Frankreichs Präsident lobt bei Besuch in Saudiarabien religiöse Systeme und stößt Laizisten vor den Kopf.

PARIS/RIAD (r. b.). Da waren selbst die moslemischen Gastgeber erstaunt: Frankreichs Präsident Nicolas Sarkozy, derzeit auf Tour durch die Arabische Halbinsel, betonte Mittwoch in Riad den Wert der Religion: „Keine Zivilisation ist ohne Religion. Es waren die Religionen, die uns als Erste die universellen Prinzipien der Moral und der Menschenwürde beibrachten.“ Vor seinen saudischen Gastgebern setzte sich Sarkozy zudem für eine „Versöhnung der Zivilisationen“ und für einen „weltoffenen, toleranten Islam“ ein.

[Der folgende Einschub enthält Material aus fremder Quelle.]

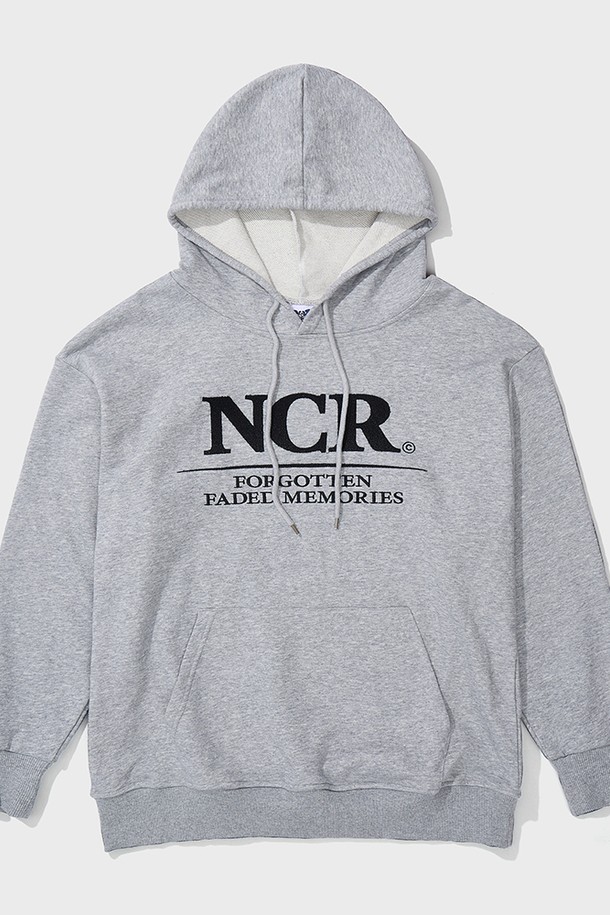 NCR 시그니처 후드티 그레이는 남녀 모두 착용 가능한 베이직하고 캐주얼한 스타일의 후드티입니다. 봄, 가을, 겨울, 세 계절에 걸쳐 활용하기 좋으며, 일상복으로 편안하게 착용할 수 있습니다. 부드러운 면과 폴리에스테르 혼방 소재로 제작되어 흡습 및 통기성이 뛰어나고, 박시핏으로 편안한 착용감을 선사합니다. 트리블 스티치 공법, 텀블 및 텐더 가공, 내구성 강화 스티칭, 변형 최소화 등의 특징으로 제작되어, 집콕룩, 동네 마실룩, 겨울 데일리룩 등 다양한 TPO에 적합합니다. 그레이 컬러에 로고 패턴이 더해져 미니멀하면서도 클래식한 분위기를 연출합니다.
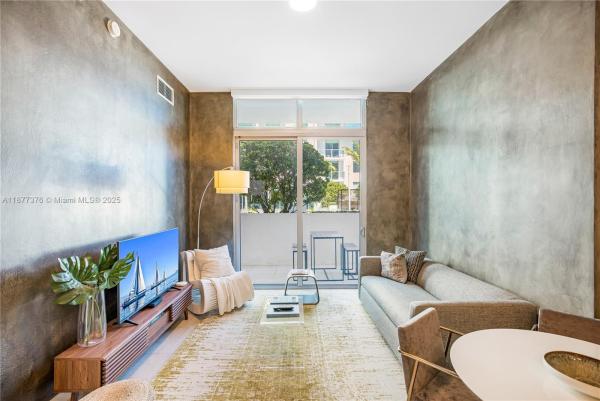 Quadro, 3900 Biscayne Blvd #S-616, Miami, Florida 33137, image 1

Für den Präsident einer weltlichen Republik mit einer seit 1905 per Verfassung garantierten Trennung von Kirche und Staat ist die Annäherung zum Allmächtigen, der über Konfessionen hinweg Brücken schlagen soll, spektakulär. Doch für Sarkozy hat Leben wohl nicht nur materielle Dimensionen: In ähnlichem Sinn hatte er sich vor Weihnachten bei einer Audienz bei Papst Benedikt XVI. geäußert.


„Wer glaubt, hat Hoffnung“

„Frankreichs Wurzeln sind im Wesentlichen christlich (...) Ein Mensch, der glaubt, ist ein Mensch der Hoffnung hat. Es ist im Interesse der Republik, dass möglichst viele Frauen und Männer hoffen. Die spirituelle Leere in den Vorstädten oder der Priestermangel hat die Franzosen nicht glücklicher gemacht.“ Sich selbst nennt Sarkozy einen nur gelegentlich praktizierenden Katholiken.

Frankreichs Laizisten sind sauer: DerZentrumspolitiker François Bayrou hieß es „paradox“, dass Sarkozy als Materialist agiere und mit Religion flirte. Viele warnten, das säkulare Gleichgewicht zu hintertreiben, das es erlaubt hat, die ewigen Konflikte Kirche – Republik zu beenden. In vergangenen Jahrzehnten waren diese bei Debatten um staatliche Unterstützung für religiöse Schulen wieder entbrannt.